Macbeth Critics

Charles Mosely The content of the Witches words emphasises the mindlessness of their malice, for example towards the mast of the Tiger, they represent in an externalised form the power in nature to turn to nothingness, away from the Good.
David Hume A moral degenerate cheerfully in the grip of supernatural forces
Rupert Goold Has the witches show up in scenes where Shakespeare never put them. They don’t have any dialogue in those scenes, always lurking in the shadows. Status as unseen puppet masters.
Roman Polanski Modern interpretation of the witches can be seen in Roman Polanski’s film of Macbeth in 1971, where they both begin and end the drama. Polanski supplies a final scene where the witches, clearly part of the bleak and inhospitable landscape, are discovered by Donaldbain, returning to Scotland. Implication is that their malevolence is ever-present and so is the susceptibility of individuals to their tempting ambiguities.
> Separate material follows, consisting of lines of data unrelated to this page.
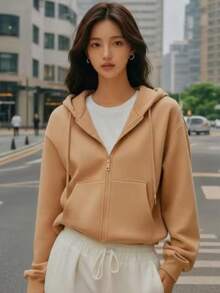 Women's Hoodie With Zipper Closure, Zipper Pocket, Women's Hoodie With Zipper Closure, Daily Wear - 駝色 - 查看 2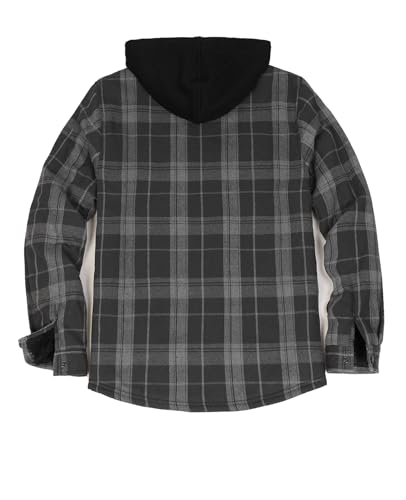 Image of ZENTHACE Men's Sherpa Lined Full Zip Hooded Plaid Shirt Jacket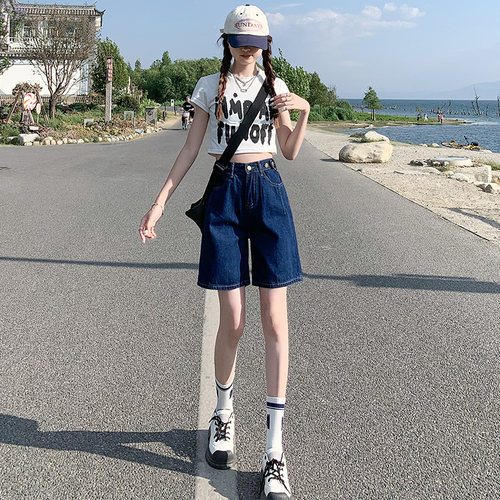 佩艳五分中裤短裤女显瘦高腰a字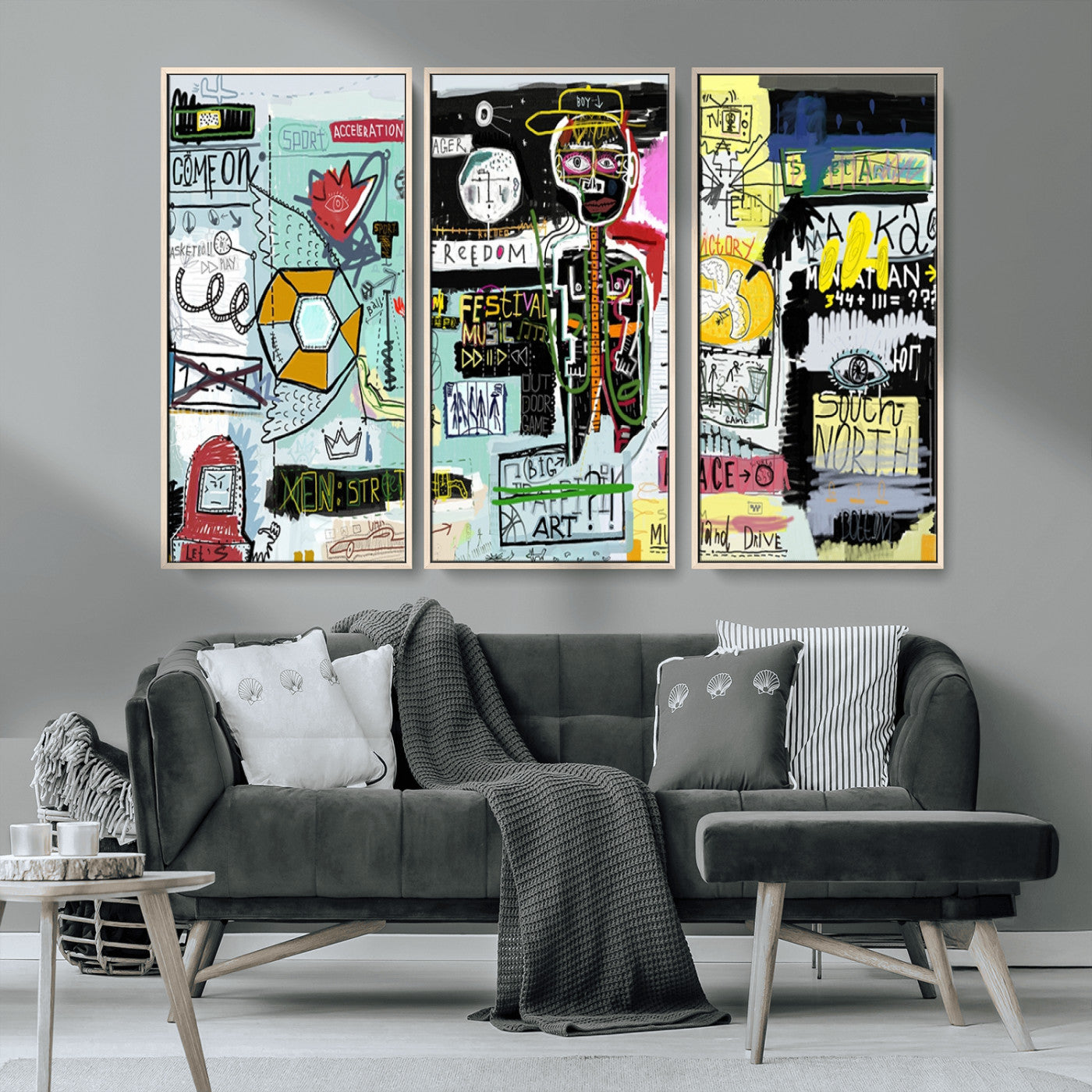 MGV-FC-48X32-3P - Abstract Graffiti Canvas Street Art-Inspired Graffiti Triptych Canvas – Modern Abstract Wall Art for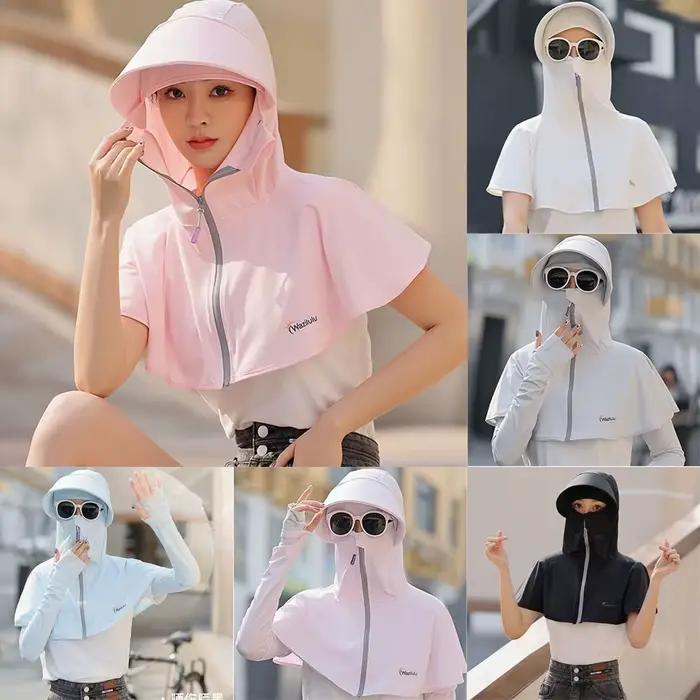 Casquette de pêcheur avec protection du cou et du visage en soie glacée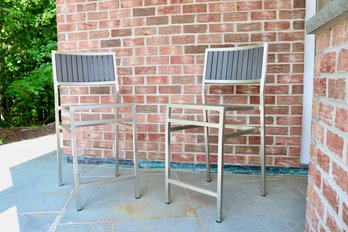 Set Of 2 Kannoa  Sicilia Aluminum Bar Side Chair $395 Each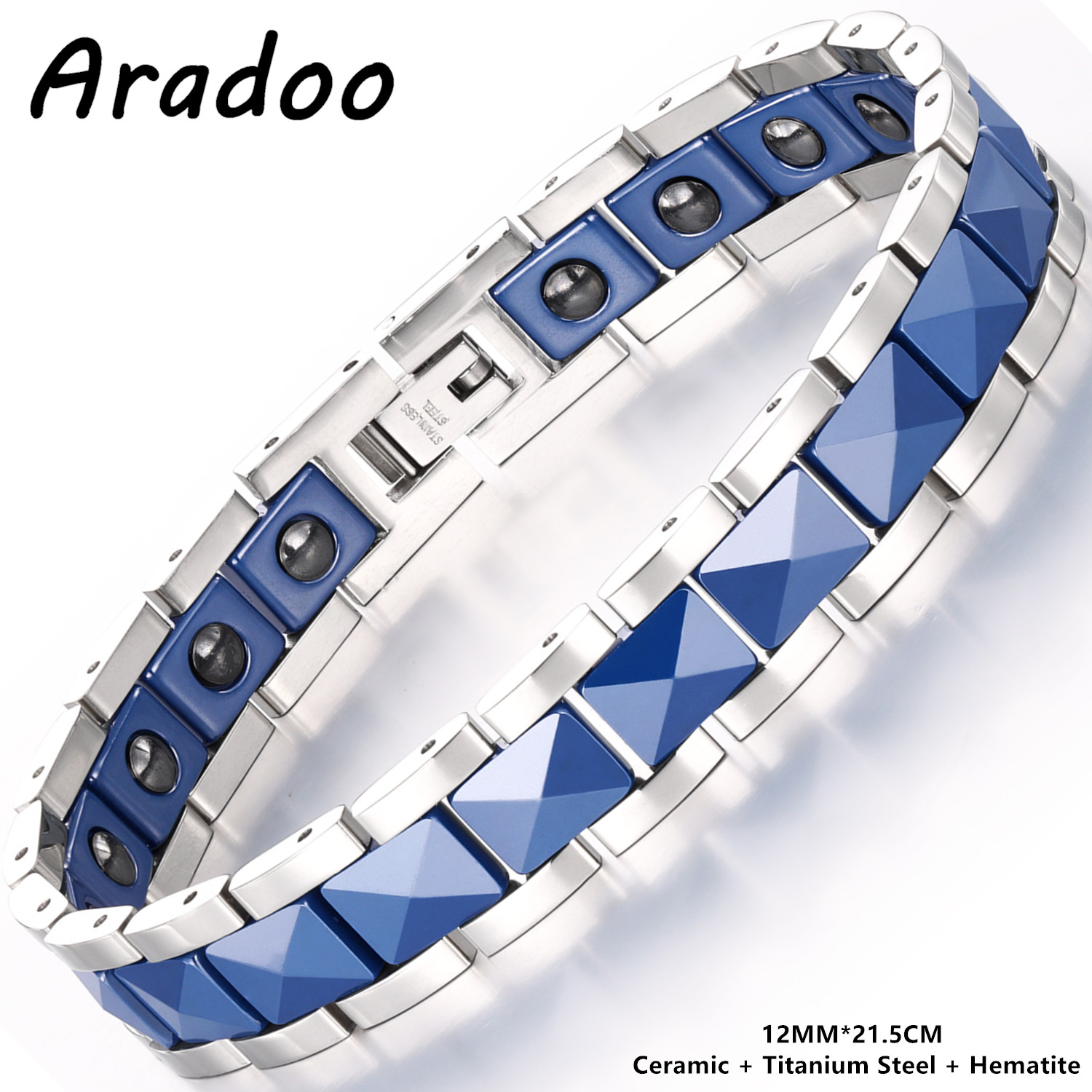 ARADOO Premium Ceramic Titaniu - Ceramic Link Bracelet 评论和价格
Dr Pamela Bickley The opening battle scene typifies the world of the play: the world, that Macbeth inhabits but then perpetuates beyond the battle field, violating the domestic space of his own and, later, Macduff’s castle.
Dr Pamela Bickley Macbeth finds in himself an affinity with blood and darkness.
Dr Pamela Bickley Shakespeare depicts a man to whom darkness and chaos is welcome and whose mind inclines always towards total destruction.
Dr Pamela Bickley The world of the numinous is not limited to the satanic arts of the witches. Both Macbeth and Lady Macbeth call upon dark forces as though the night can unleash evils that are concealed or repressed during daylight hours.
Roma Gill Macbeth is indeed madly self-confident, believing that he is invincible.
Selma Slezonic The dagger signals that something bad is about to happen and it also represents the point of no return (…) the murder is a stepping stone for Macbeth’s insanity.
Marilyn French At the end, after the death of Lady Macbeth, the critic Marilyn French says the play shows the victory of the masculine over the feminine, with there being at the play’s end ‘a totally masculine world.’
Debbie Notari Once the sense of guilt has come home to roost, Lady Macbeth’s sensitivity becomes a weakness, and she is unable to cope.